I would like to share my latest 7kg multicopter design with the DIY drones community.

Having designed and operated fixed wing, helicopter and multicopter camera systems for a number of years now I have learned what is important, at least to my operation, namely low vibration, endurance and ease of use.

The first two are fairly obvious but the ‘ease of use needs a little more explanation.

I guess many of you will have suffered from drone pilots back after lifting and carrying an awkward heavy octa around. Even working on the central electronics can be difficult.



I set about designing something that was a pleasure to operate, from building, transporting and flying. My other designs were ‘one offs. and often had time consuming carbon laminating but this Q7 is built from 2 sizes of carbon tube, fitted together with 3D printed ABS and is easily reproduced.


This Q7 (quad 7kg MTOW) can be quickly dissembled to various levels.

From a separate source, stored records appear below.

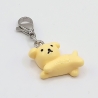 Hunde Charm Clip Anhänger Bettelarmband gelb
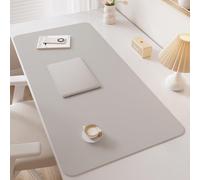 Tapis De Bureau Pour L'écriture Gris/rose/vert,Tapis De Protection Pour Ordinateur Portable,L'écriture Manuscrite Peut Être Effacée,Protection Des Yeux Pad Écriture Pour Bureau/Maison(Gray,50x140cm)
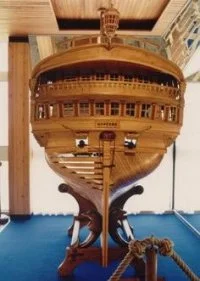 La partie arrière de la maquette de La Superbe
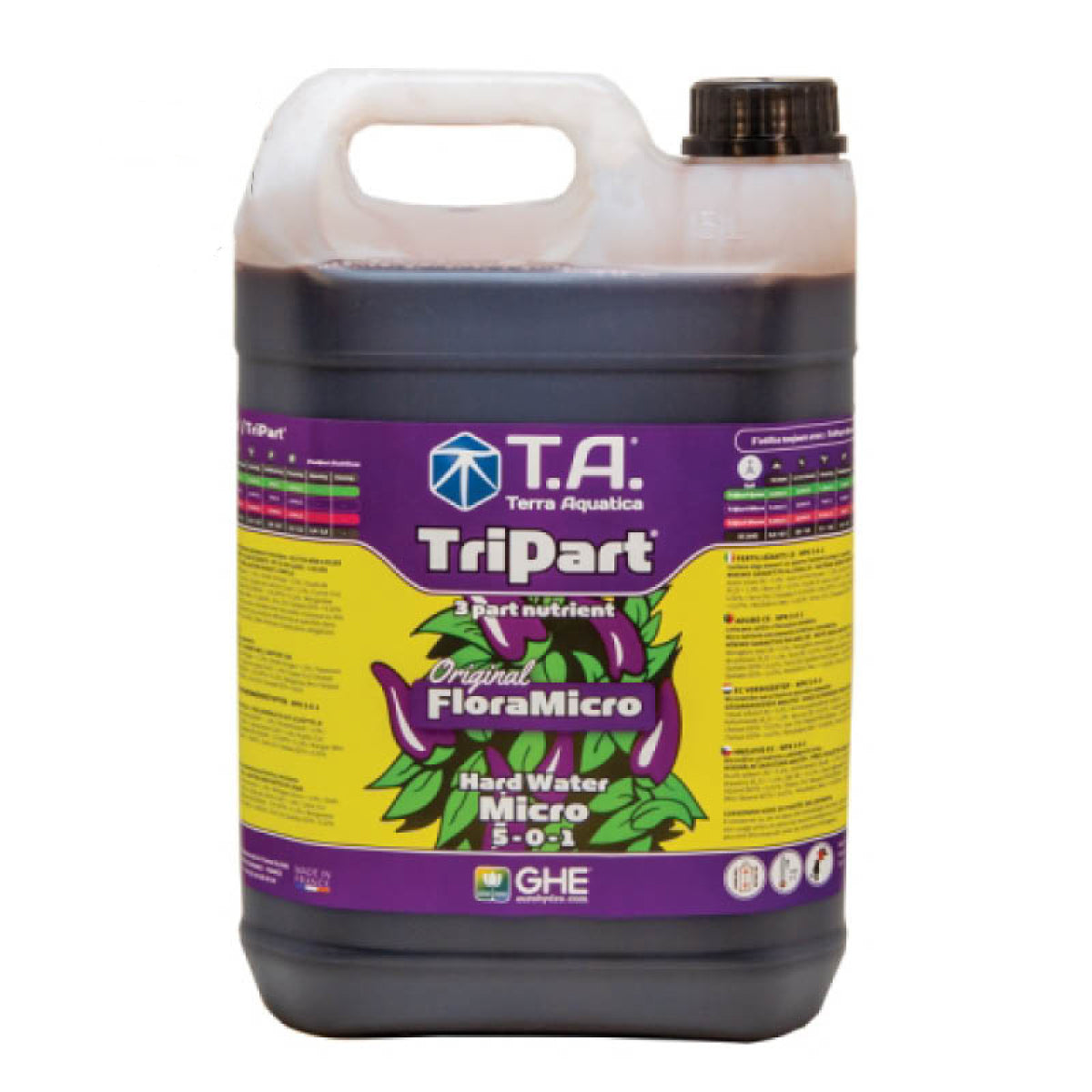 Terra Aquatica TriPart / GHE  FloraMicro Hardwater 5L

As shown in the video, folding the arms and lowering the GPS gives a very easy to carry unit.


The new (in house) 3 axis gimbal is on a quick plug connector (thanks Leo) so by loosening 2 knobs it can be removed in seconds and the copter legs folded in. (gimbal in photo above is older 2 axis one)

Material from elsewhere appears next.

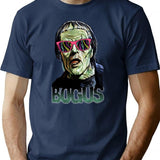 Bogus T-Shirt for Men & Women, T-Shirts Graphic Tee - Navy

To get even smaller, the 2 end units come away easily, with no wires to disconnect. We may use folding propellers to reduce packed size of end units further but this may compromise endurance.



Lastly, the central (rainproof) electronics unit can be removed. This is still fully functional (without motors) and can be tested & adjusted on the bench.



The system as currently set up with a Sony Alpha is achieving an honest 30 mins flight time with 2x 6s 8Ah at 4.5kg. Each pair of arms is isolated on sorbathane so very little vibration is transmitted to the centre frame.


I know there will be questions about a ‘serious’ copter with only 4 motors and that is a very interesting debate. I designed and constructed my Octa because I was concerned about survivability after a motor failure. Since then I have monitored various sources and noted reasons why UAVs crash. It seems to be extremely rare to have a good quality motor or ESC fail. Loose screws or wires would defiantly go into operator error category.


We already have a number of requests for frames so we are currently setting to more 3d printers as this is a but of a bottleneck.


I would like ‘expressions of interest’ so I may judge how seriously to consider a larger production run.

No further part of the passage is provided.